There are several reasons why teacher-led trials hold so much promise. Crucially, classrooms present much more effective settings than laboratories to inform effective pedagogy: classroom-based, teacher-led trials are likely to yield results and scenarios which are far more representative of the average learning environment than a researcher-led, lab-based equivalent. Unlike a lab, they naturally account for factors such as student behaviour management, which may be absent or altered in a lab-based trial, as well as pupil age, subject area, and the way that testing is used – all of which may affect the results of an intervention. Results from the research can be seen here (adapted from Mind, Brain and Education).
Moreover, teacher-led trials provide teachers with agency and a voice in educational research, bridging what has been described as a ‘democratic deficit’ in education. Training teachers to design and conduct this type of research will enable them to be both consumers and producers of the education research which will influence their pedagogy, the training that future teachers will receive, and potentially wider education policies, while also helping individual teachers to refine their own teaching practices throughout their careers. Such agency may help to increase teacher investment in continuous professional development, which may in turn even have a positive impact on teacher engagement and retention. What we do know is that participation in such research improves teachers’ evidence-based practice.

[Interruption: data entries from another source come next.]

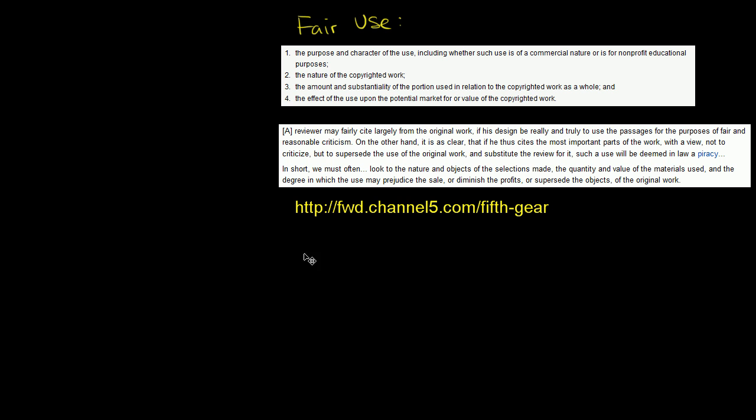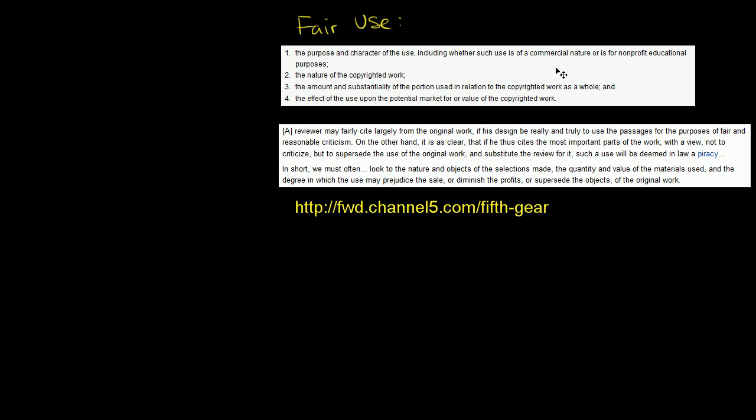So the video I'm going to show you is from a show called The Fifth Gear that appears on Channel 5, I believe, in the United Kingdom. And I think I'm OK on good copyright grounds to claim fair use here, because obviously the point of this, I'm going to ask a math question about the video that we're going to see. And so fair use law is the purpose and character of use, including whether such as a commercial nature or non-profit educational purposes. We are definitely the latter, non-profit educational purposes.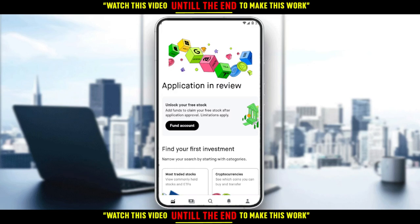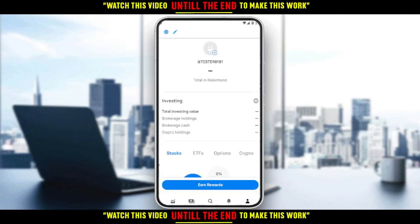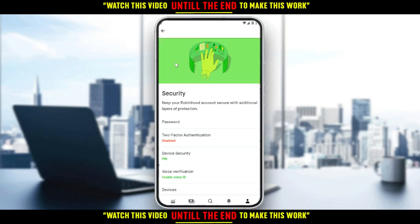Just go to your account at the bottom right corner, click the settings icon at the top left corner, then click Security and Privacy.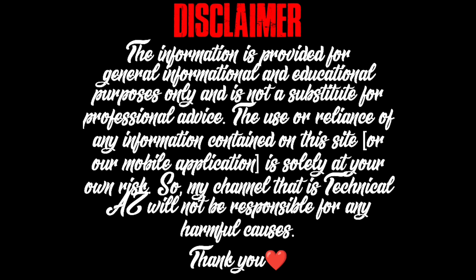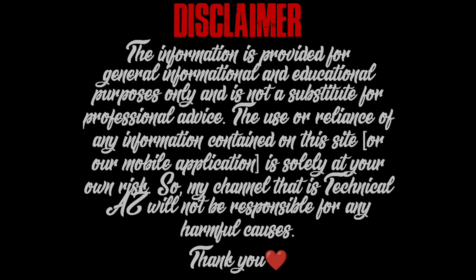So, my channel that is TechnicalAZ will not be responsible for any harmful causes. Thank you.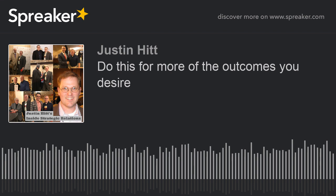Are you interested in a simple system that helps you accomplish more each day, helps you transform effort into outcomes, and create more of the results that you're looking for? Hi, I'm Justin Hitt with Inside Strategic Relations.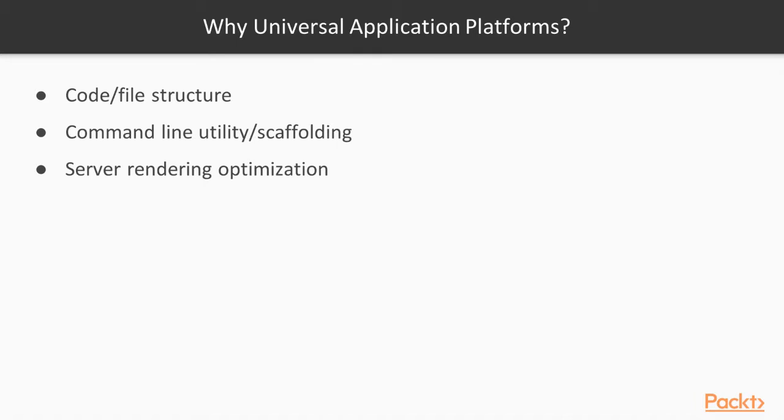Before jumping into the first platform, it'd be good to start with the question of why we'd even need an application platform to build universal applications. In the last video, we were able to build a universal application without using a platform at all.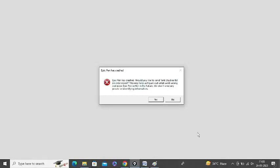Are you getting Epic Pen has crashed error message while trying to work on Epic Pen? If yes, then watch this video till the end because I am going to give you the best solution.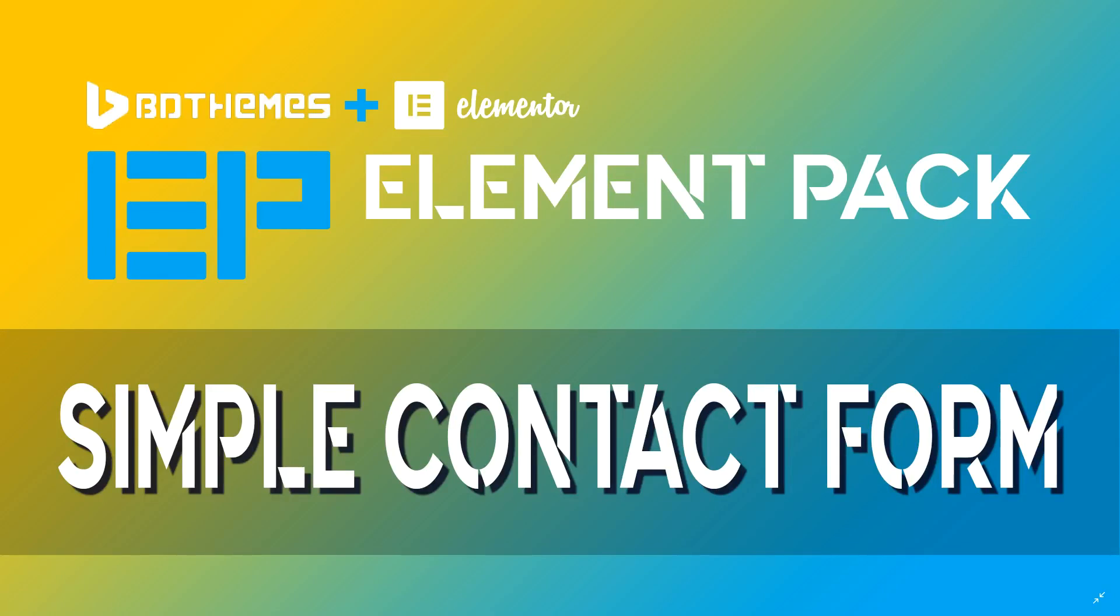Welcome to Websites for Beginners with JP. We are going to be looking at the Simple Contact Form, an Element Pack add-on for Elementor. And what is great about this Simple Contact Form is that you can use it in Elementor Free.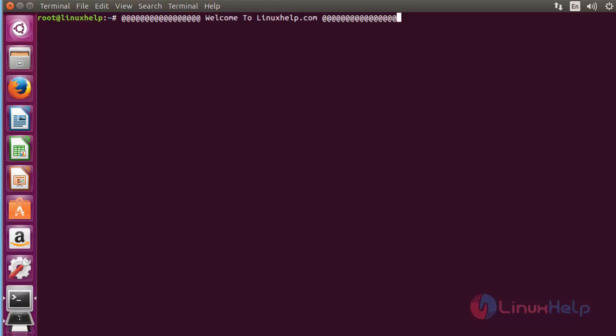Hello everybody, welcome to Linux Help tutorial. Today I'm going to show how to install Hiawatha web server in Ubuntu 15.10 machine.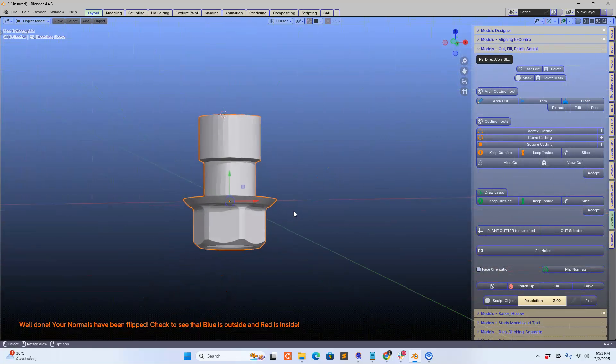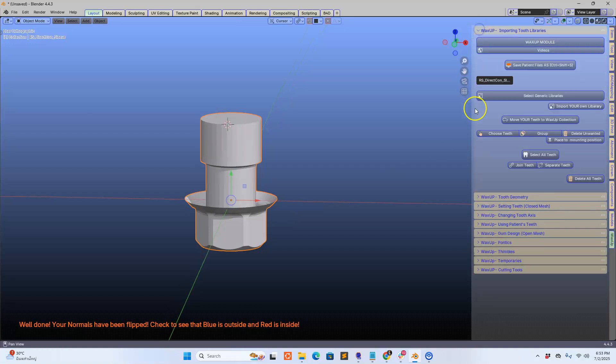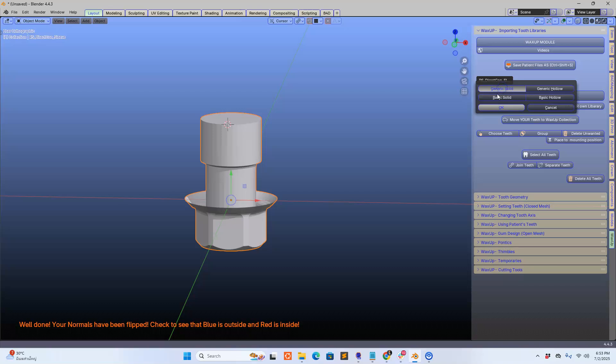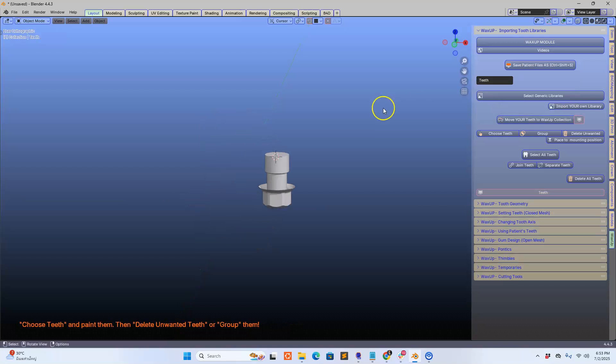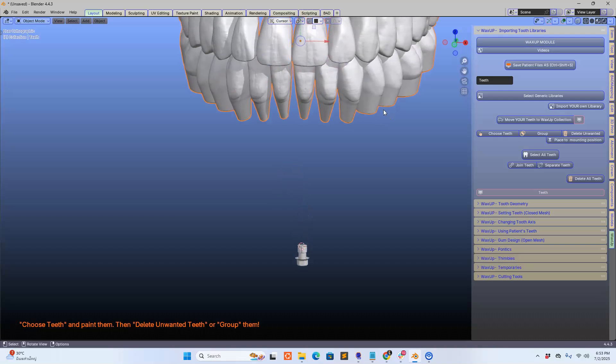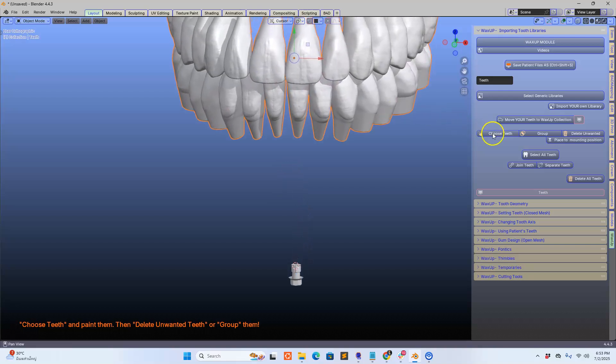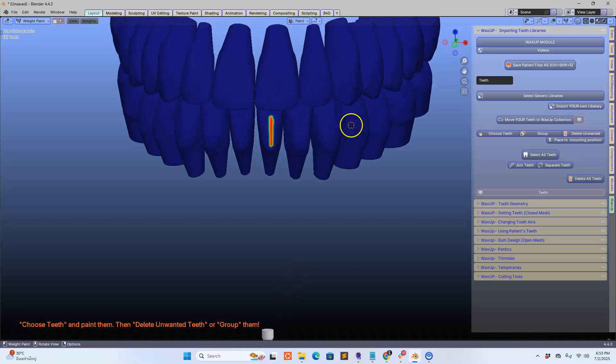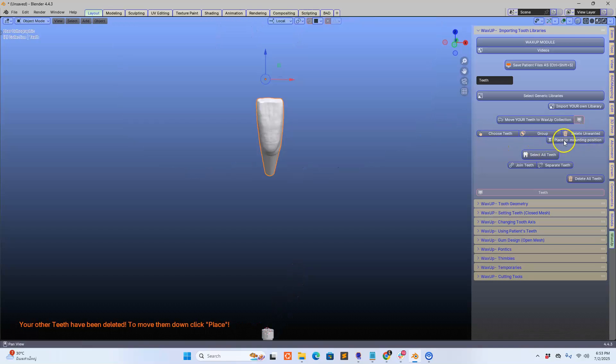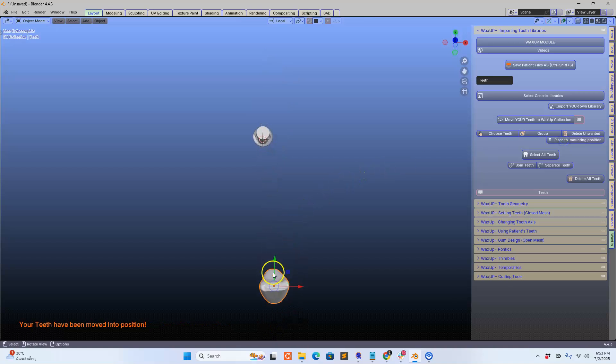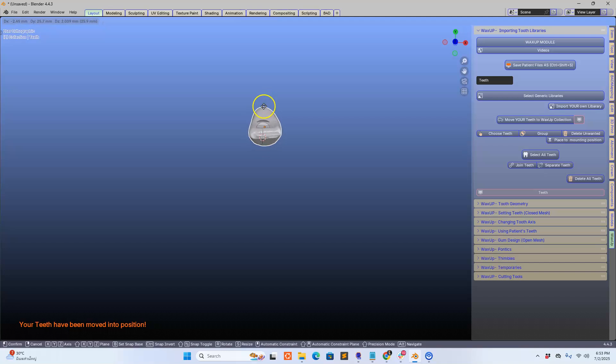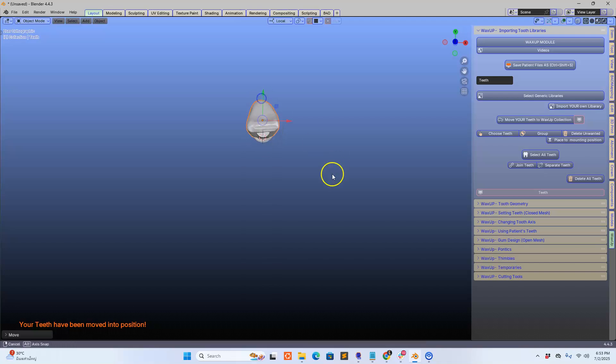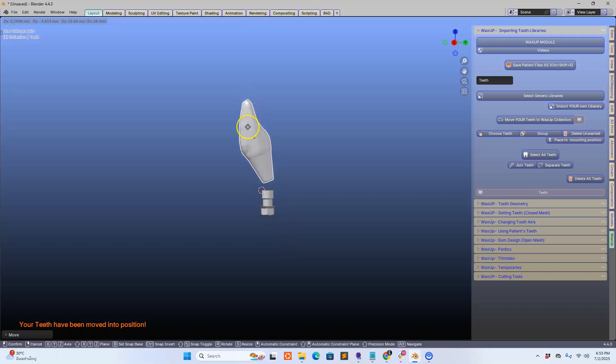Then we're going to get a wax up tooth. In the wax up module I'm going to get it from the generic and I'm going to try and get a skinny tooth just to make it as difficult as I can for myself.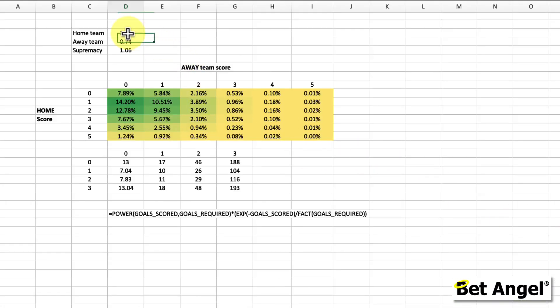Once you've worked out how many goals on average a team is going to score — using historical data, a hunch, or something more scientific — you're trying to say: if this match was played 100 times, on average the home team would score 1.8 and the away team would score 0.74. Once you have that, you can start projecting forward. We've already projected zero goals, but we need a different calculation to project one goal, two goals, and so on. You can see that equation here.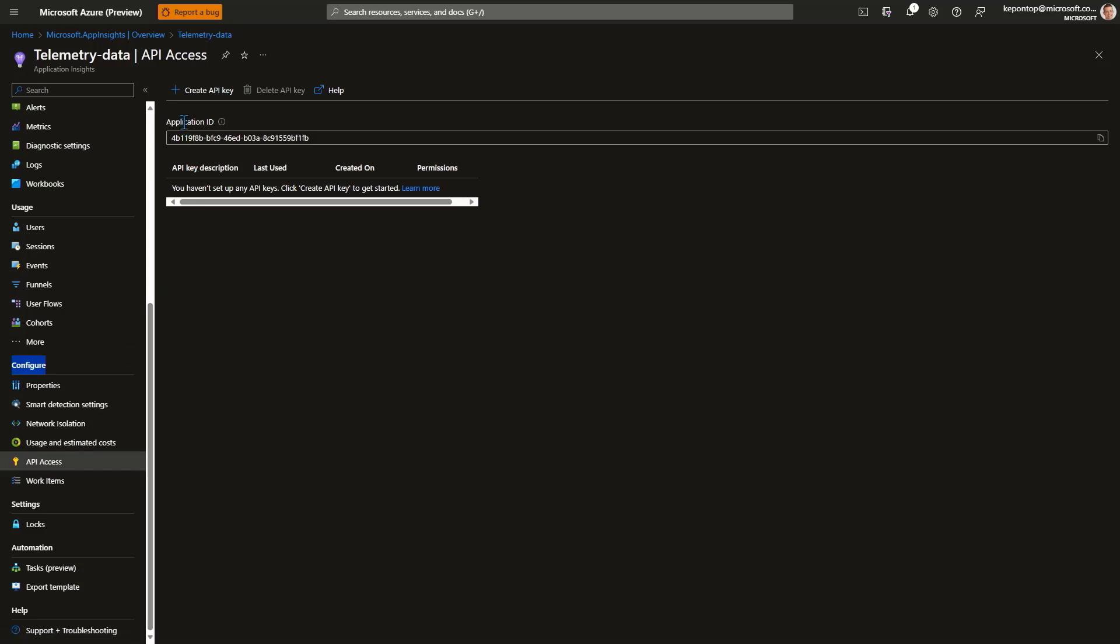And this is where the Application ID resides you need for your Power BI to connect to your data. So you simply take this GUID on the right hand side. I can copy to clipboard. Let me copy that. And then go back to Power BI to insert that.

In addition, these RCTs can, by their nature, be carried out more easily at scale – and at lower cost – than would be the case for lab experiments. They may therefore provide a good means of testing education initiatives: multiple planned teacher-led RCTs and replications, with meta-analysis, could provide large, cost-effective data samples for future studies. They also present significant potential for adaptive programming – where testing, learning and iteration are required to find effective interventions and solutions that really make a positive difference. This may be especially valuable for testing government-led initiatives prior to national rollout, as these changes can be scientifically tested to see whether they will produce the desired outcomes in real classrooms.
Teacher-led RCTs are a truly exciting prospect for future research in the education sector, and we look forward to seeing more evidence of them being used to bring in and develop the science of learning in real-world classrooms.